American Credibility in the Age of Trump

Reuters

American Credibility in the Age of Trump

Credibility on the world stage is an integral party of American grand strategy—if not U.S. foreign policy writ large.

What best defines the “credibility” of the United States as a global power? In terms of American foreign policy and national security, who determines whether our nation is a “credible” ally or adversary?

The recent resignation letter from Secretary of Defense James Mattis suggests that these questions still matter to sober-minded policymakers. In using terms like “resolute and unambiguous,” “clear-eyed,” and “solidarity,” Mattis arguably was offering a primer on the importance of credibility in U.S. foreign relations.

To maintain the nation’s place as a global power, the argument goes, American credibility matters. Our alliances are based on it. Our enemies make calculations with not only our intentions, but our authenticity in mind. When President Barack Obama, for instance, decided not to intervene in Syria after Bashar Assad crossed an American “red line” by using chemical weapons, former Defense Secretary Leon Panetta asserted that Obama’s failure to act was “damaging” because “the credibility of the United States [was] on the line.”

But how much should credibility alone determine our nation’s foreign policy and grand strategy?

Without question, any nation’s foreign policy has multiple aims—determining threats to national security, articulating a vision of the future, to both friends and enemies alike, and promoting American prosperity to name just a few. And, as the recent National Security Strategy states, adversaries like Russia use “subversive measures to weaken the credibility of America’s commitment” to allies like those in Europe.

This linking of security to credibility is hardly new. Throughout the American war in Vietnam, U.S. presidents assumed the nation’s prestige, and thus capacity to influence the rest of the globe, rested upon them acting purposefully in defending and expanding American interests. They were not alone.

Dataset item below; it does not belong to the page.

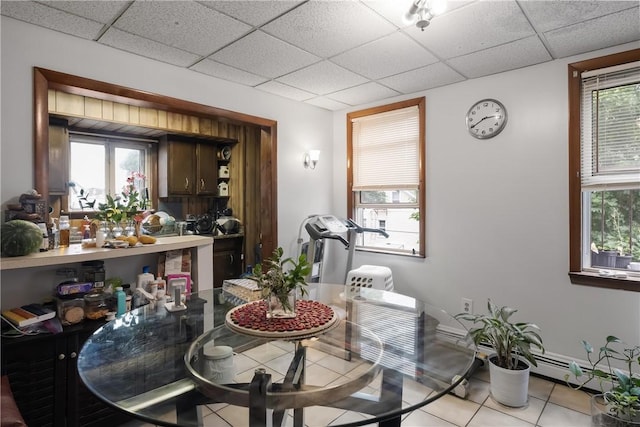 35 Fountain St, Pawtucket, RI 02860 - dining space with light tile patterned flooring, a paneled ceiling, and a baseboard heating unit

In June 1965, as Washington policymakers debated escalation in South Vietnam, National Security Advisor McGeorge Bundy argued to President Lyndon Johnson that any American actions in Southeast Asia “should be judged in terms of its effect on the credibility of our commitments throughout the world.”

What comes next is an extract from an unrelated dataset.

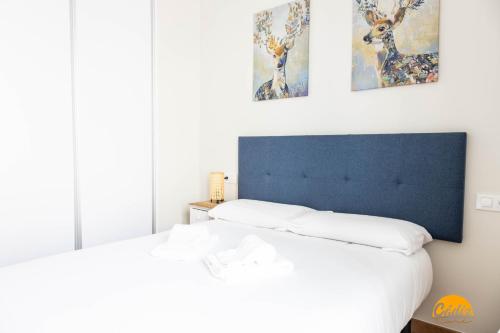 1 dormitorio con 2 camas y 3 pinturas en la pared en Nature Home by Cadiz Time, en Cádiz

Four years later, little had changed. Bundy’s successor, Henry Kissinger, spoke often of potential “credibility gaps” when arguing for military force to cover President Richard Nixon’s withdrawal plans from Vietnam. After the war, Nixon was even more direct. “We did not wring our hands when it became necessary to use military force or the threat of force. Our record established our credibility,” the former president argued, and our enemies “respected it.”

For sure, both presidents conflated their personal prestige with matters of national honor. In the end, however, both Johnson and Nixon acknowledged that credibility on the world stage was an integral party of American grand strategy, if not U.S. foreign policy writ large. It would seem General Mattis thinks along similar lines. So, too, do various other commentators concerned about President Trump’s precipitate withdrawal from Syria.

Yet if Trump’s recent policy pronouncements suggest he may not fully be considering how his actions might portend long-term consequences for U.S. credibility, it is incumbent upon all of us to start asking hard questions about how much “credibility” should drive American foreign policy and grand strategy.

The Syrian parallels to the Vietnam debate already are present. Analysts have argued that the U.S. withdrawal from Syria is “an abandonment of America’s key allies,” a key refrain of American hawks who blamed Congress for not continuing its support to the failed Saigon regime. But few of these foreign-policy specialists, now and then, offered tangible evidence for how a U.S. withdrawal would irrevocably damage American credibility overseas.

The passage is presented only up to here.